Porting

Porting is not necessary since NNoM is a pure C framework. If your development environment support standard C library (libc), it will run without any problem by default setting.

However, porting can gain better performance in some platforms by switch the backends or to provide print-out model info and evaluation.

Options

Porting is simply done by modified the nnom_port.h under port/

The default setting is shown below.

// memory interfaces
#define nnom_malloc(n)      malloc(n) 
#define nnom_free(p)        free(p)
#define nnom_memset(p,v,s)  memset(p,v,s)

// runtime & debuges
#define nnom_us_get()       0
#define nnom_ms_get()       0
#define NNOM_LOG(...)       printf(__VA_ARGS__)

// NNoM configuration
#define NNOM_BLOCK_NUM      (8)     // maximum number of memory block  
#define DENSE_WEIGHT_OPT    (1)     // if used fully connected layer optimized weights. 

// Formate configuration
//#define NNOM_USING_CHW            // using CHW format instead of default HWC
//#define NNOM_USING_CMSIS_NN       // uncomment if use CMSIS-NN for optimation

Memory interfaces

Memory interfaces are required.

If your platform doesn't support std interface, please modify them according to your platform. See example for porting for RT-Thread.

Runtime & debuges

They are optional.

Its recommented to port them if your platform has console or terminal. They will help you to validate your model.

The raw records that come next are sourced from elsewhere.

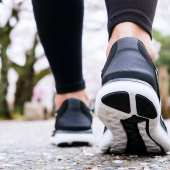 Woman Legs Sport Shoe Walk In Park Outdoo.iStock-961726470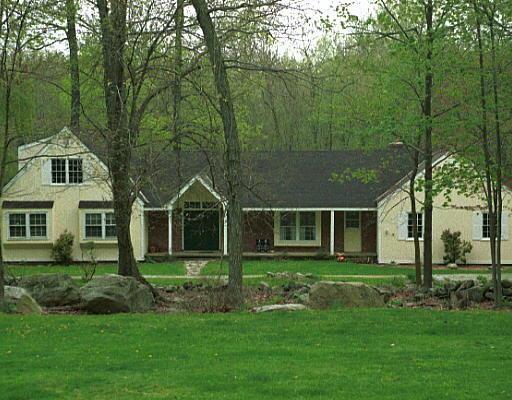 221 Linden Tree Road Wilton, CT 06897 - Photo 1 of 1 a front view of a house with a yard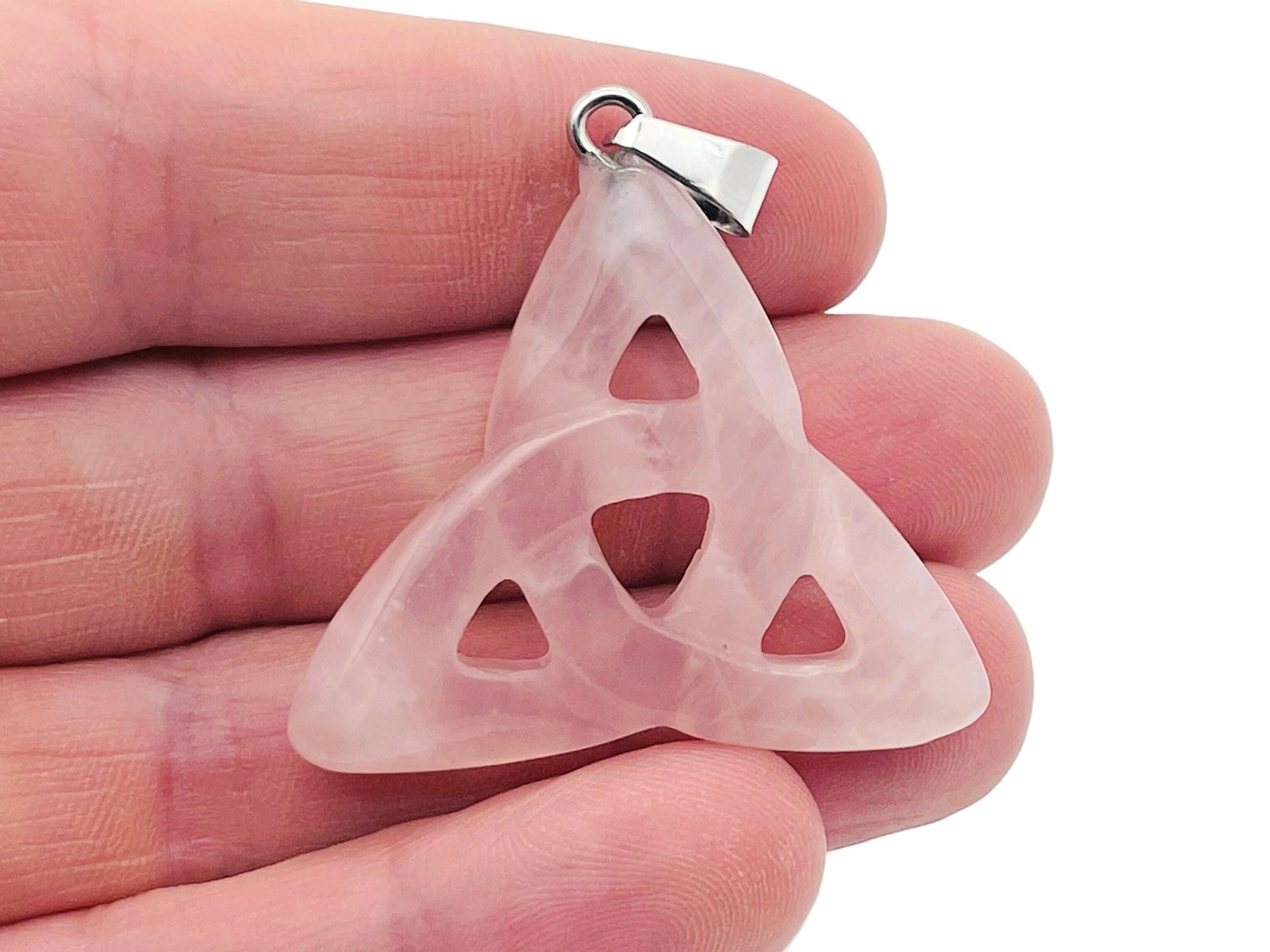 Rose Quartz Celtic Knot Crystal Pendant from GemstoneGO featuring a detailed Trinity Crystals design on a silver chain.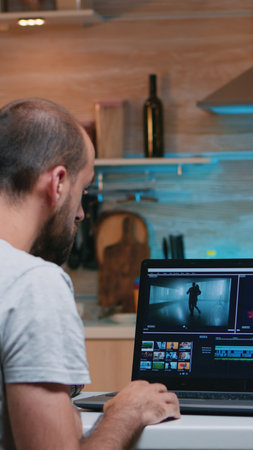 Freelancer editing a video using post production software working from home overtime sitting in the kitchen. Videographer processing audio film montage on professional laptop late at nightの写真素材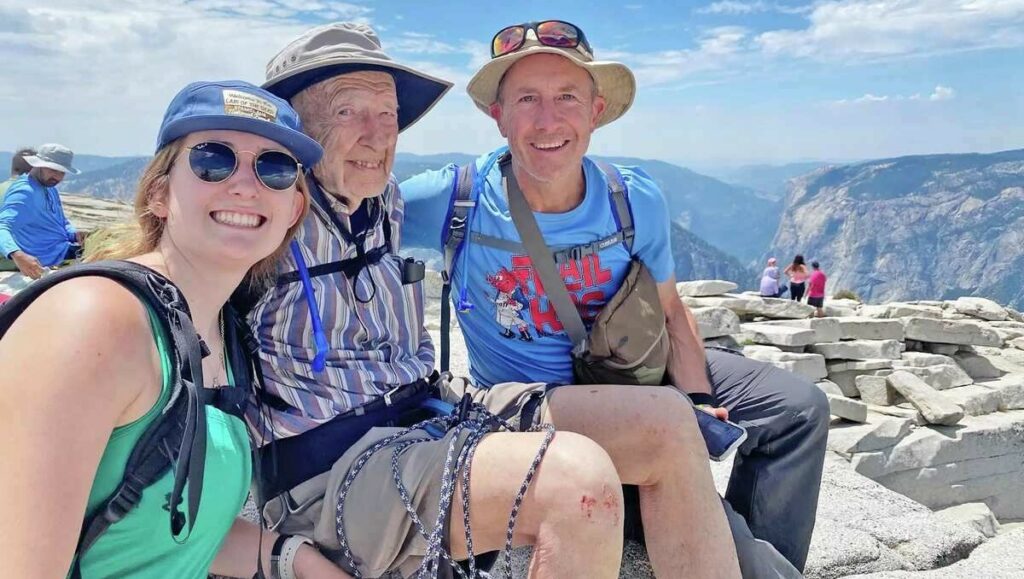 Three people sitting at the top of Yosemite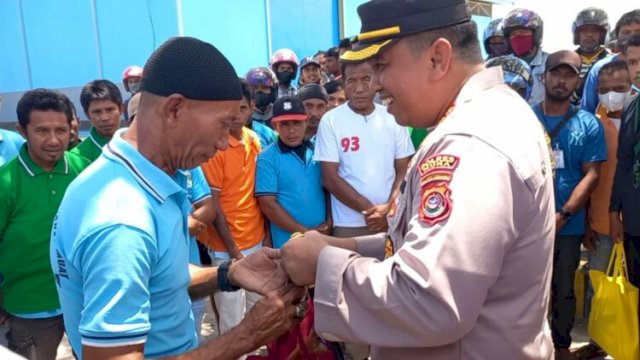 Kapolres Muna, AKBP Mulkaifin saat membagikan bingkisan kepada salah satu buruh Pelabuhan Nusantara Raha. (Rustam/Republiknews.co.id)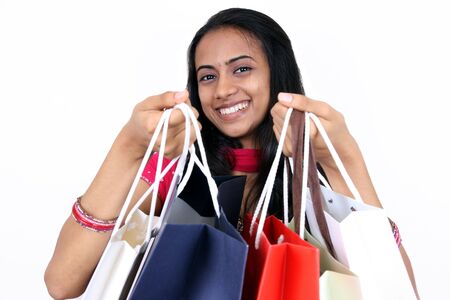 Young girl shopping. Isolated on a white background.の写真素材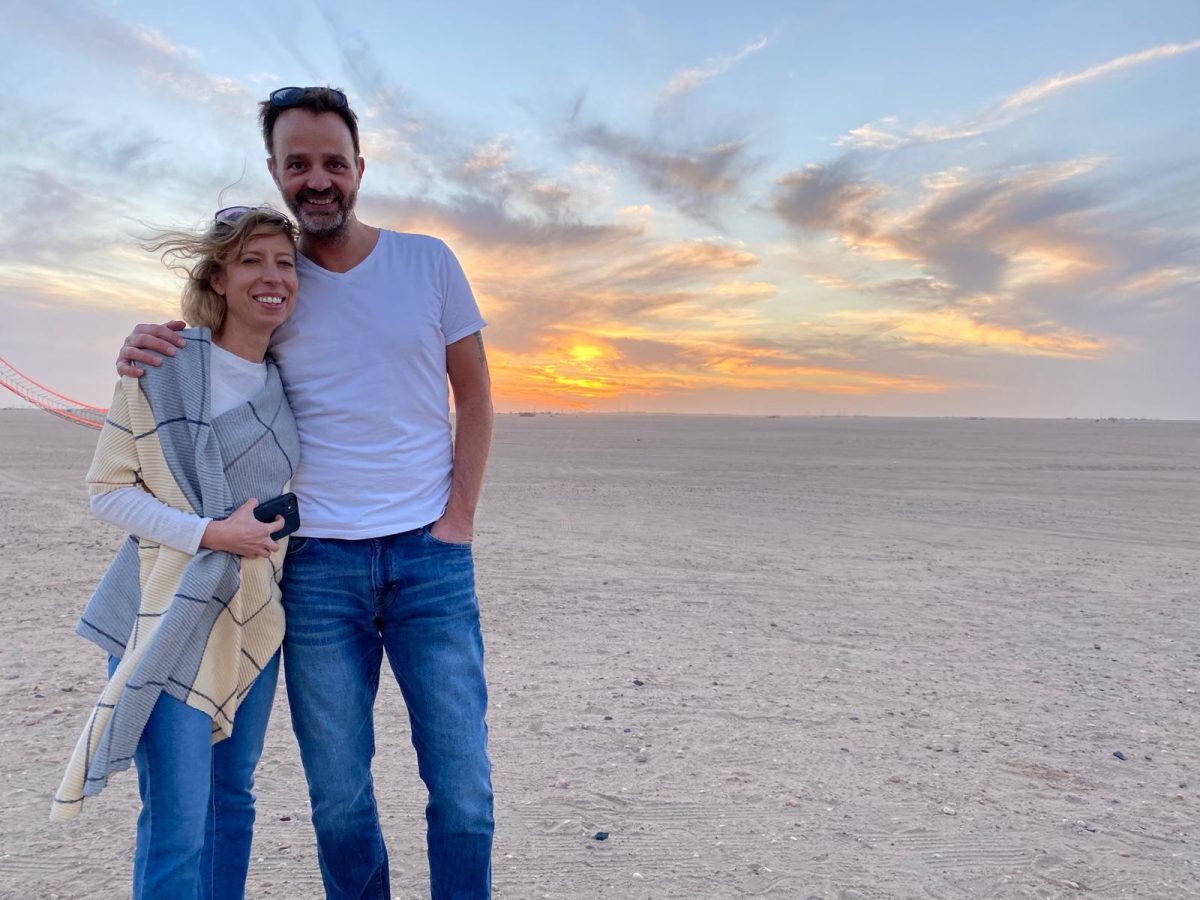 Charlton and his wife enjoying the Kuwait desert and sightseeing during his time teaching abroad.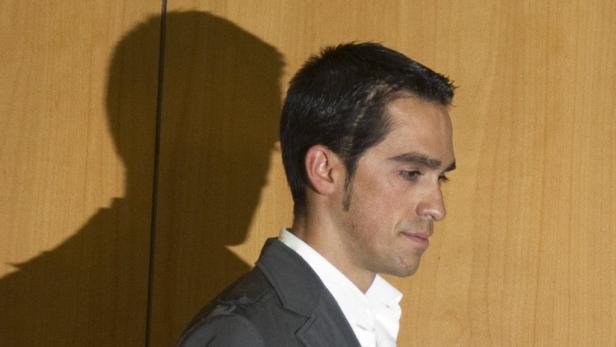 Ein Mann im Anzug, im Profil vor einer Holzwand, mit seinem Schatten.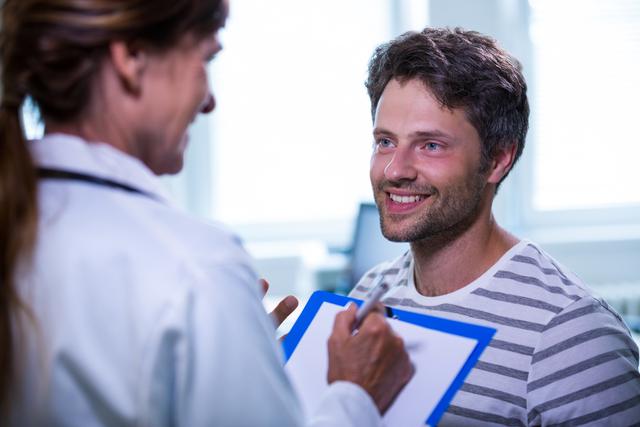 Smiling male patient consulting with a doctor in a healthcare facility. Useful for illustrating medical consultations, healthcare services, patient care, doctor-patient interactions, and overall health check-ups. Ideal for websites, brochures, health articles, and medical blogs.
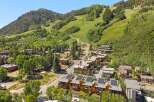 Experience luxury mountain living in this stunning property, featuring modern architecture with solar panels and green roofs.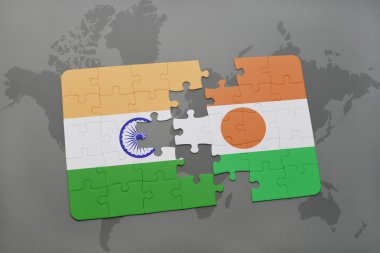 bir dünya haritası arka plan üzerinde hindistan ve nijer ulusal bayrağı ile bulmaca.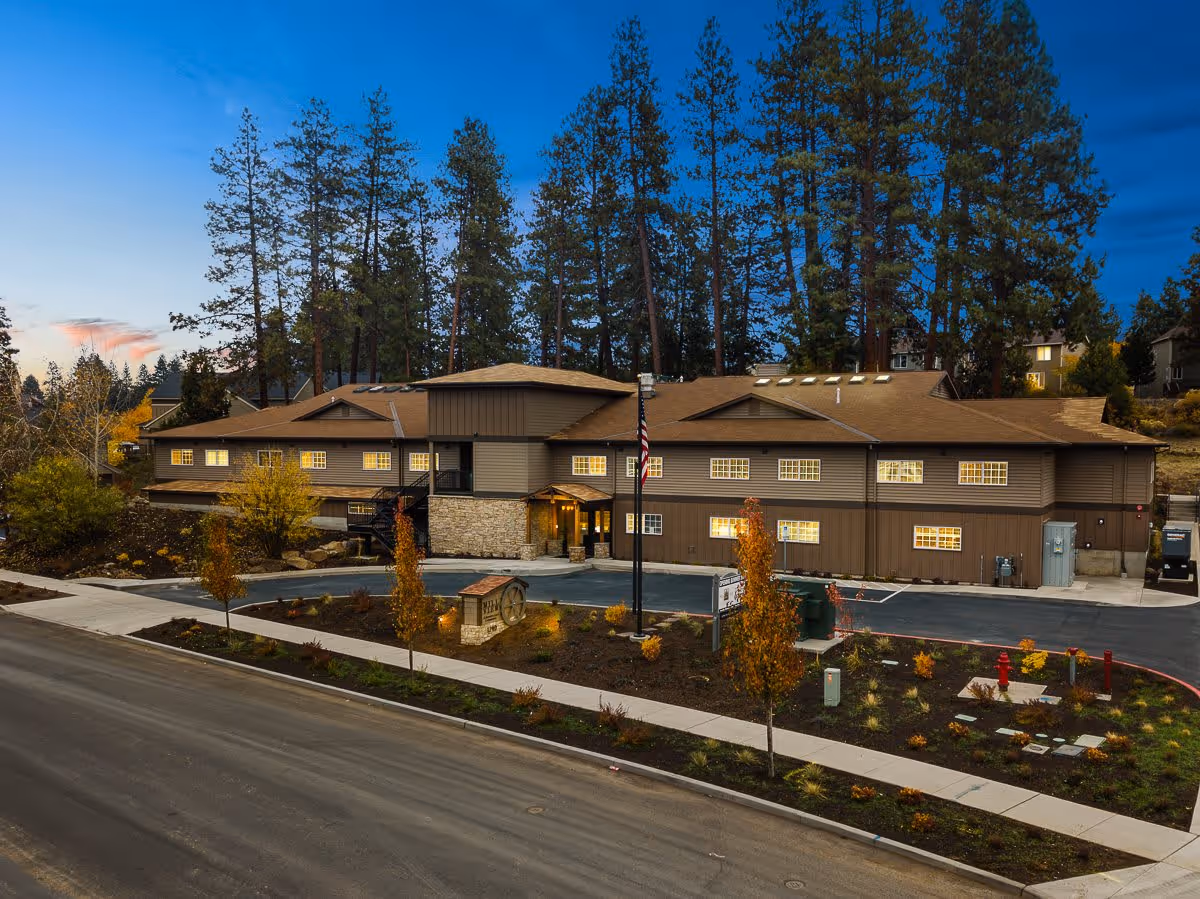 Exterior view of Mill View Memory Care facility at dusk, showing a two-story building with brown siding and a stone entrance, surrounded by trees and landscaped grounds with small trees and shrubs.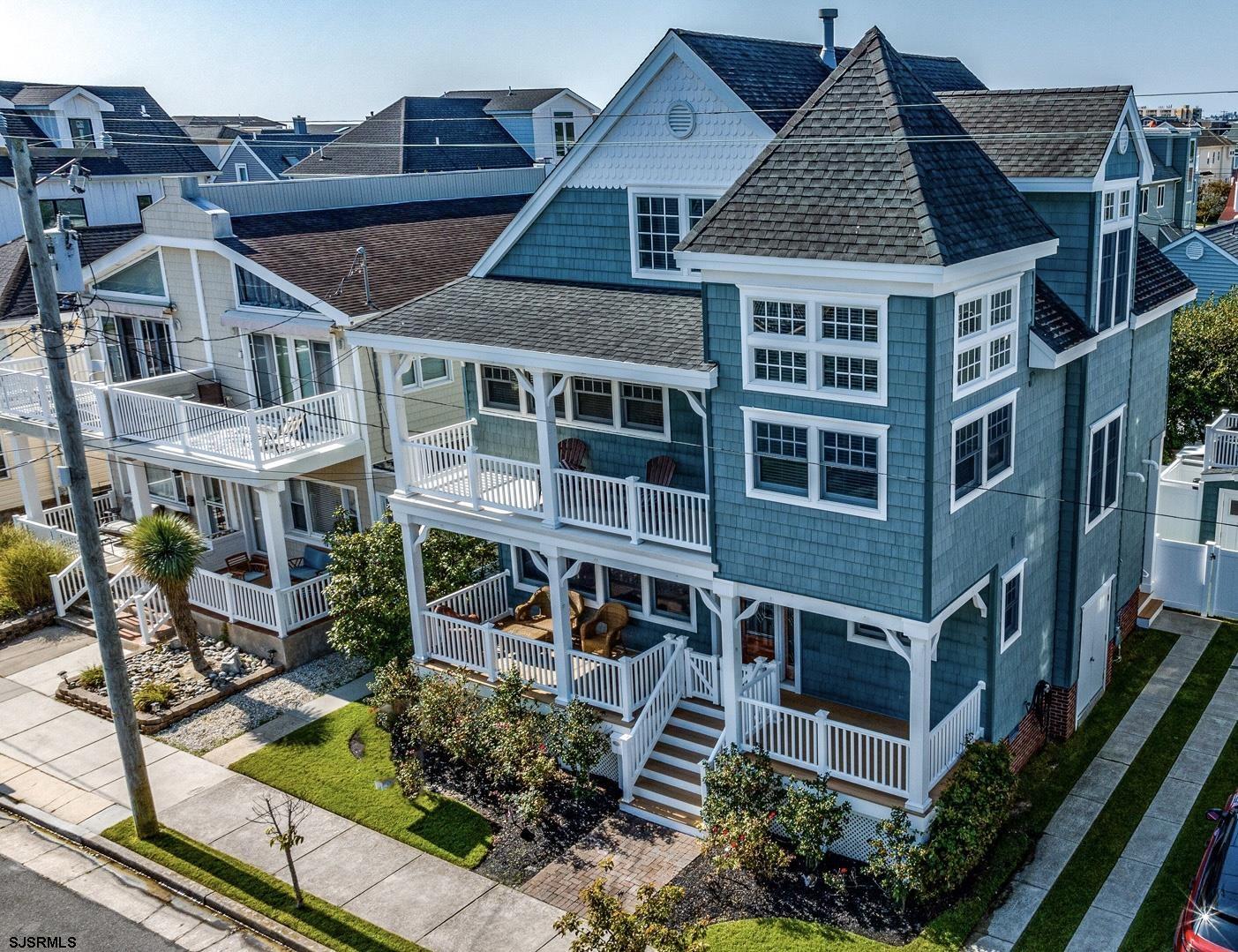 an aerial view of a house with yard porch and sitting area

nnom_us_get() is used in runtime analysis. If presented, NNoM would be able to record the time cost for each layer and calcualte the effeciency of them. This method should return the current time in a us resolution (16/32-bit unsigned value, values can overflow).

nnom_ms_get() is used in evaluation with APIs in 'nnom_utils.c'. It is used to evaluate the performance with the whole banch of testing data.

LOG() is used to print model compiling info and evaluation info.

NNoM configuration

NNOM_BLOCK_NUM is the maximum number of memory block. The utilisation of memory block will be printed during compiling. Adjust it when needed.

DENSE_WEIGHT_OPT, reorder weights for dense will gain better performance. If your model is using 'nnom_utils.py' to deploy, weights are already reordered.

Format configuration

There are 2 formats normally use in machine learning. HWC and CHW. HWC called channel last, CHW called channel first.

The default backend will be running on HWC format, which is optimized for CPU case. Images are normally stored in the memory using HWC format.

1. HWC format

NNOM_USING_CMSIS_NN : uncomment it will enable the CMSIS-NN backend for acceleration.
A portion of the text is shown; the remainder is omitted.